# American Oil Beetle (Blister Beetle)



## Tim Benzedrine (Oct 15, 2008)

I had intended to post this for an ID as I had never seen anything like it. It looked like an ant and a bed-bug and maybe a roach got drunk and had a threesome and this was the result.
 But after referring to one of my field guides and then using the 'net to confirm, I decided I had a an American Oil Beetle or Blister Bug, _Meloe americanus_(?) It was a fairly large fellow, I'd estimate somewhere in the neighbourhood of 1" to 1 1/2".
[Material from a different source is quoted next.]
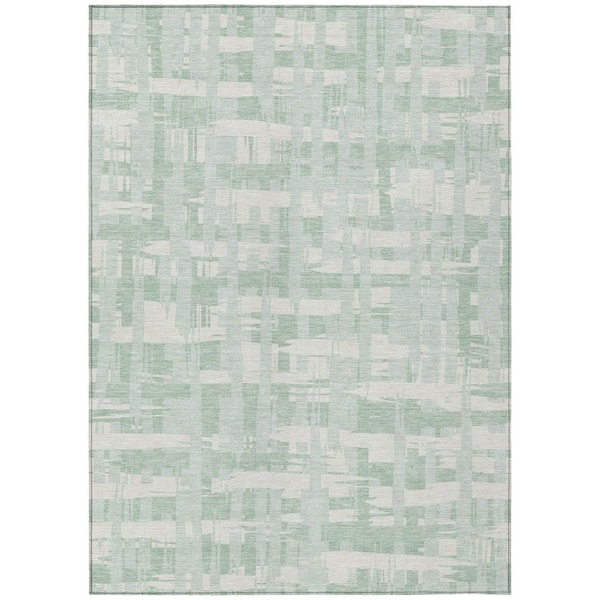 Chantille Machine Washable Indoor/Outdoor Abstract ACN1849 Mint 9 ft. x 12 ft. Accent Rug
I decided to go ahead and post a couple snaps anyway, in case they would be of interest to anybody. This bug had an interesting habit of playing dead at the slightest touch. Of course, after I made a positive ID, the slightest touch was all I was willing to give it!
Here are a couple of photos, one of it "on the hoof", the other shows it's very realistic ability to play possum. It would maintain that posture for about a minute and then would get up and try to head for the hills.


----------



## crpy (Oct 15, 2008)

yep, allot of beetles "feign" death, awesome pic wow


----------



## Widowman10 (Oct 17, 2008)

yeah those things are pretty crazy. i pick tons of them up at my house, never had any probs with them though...


----------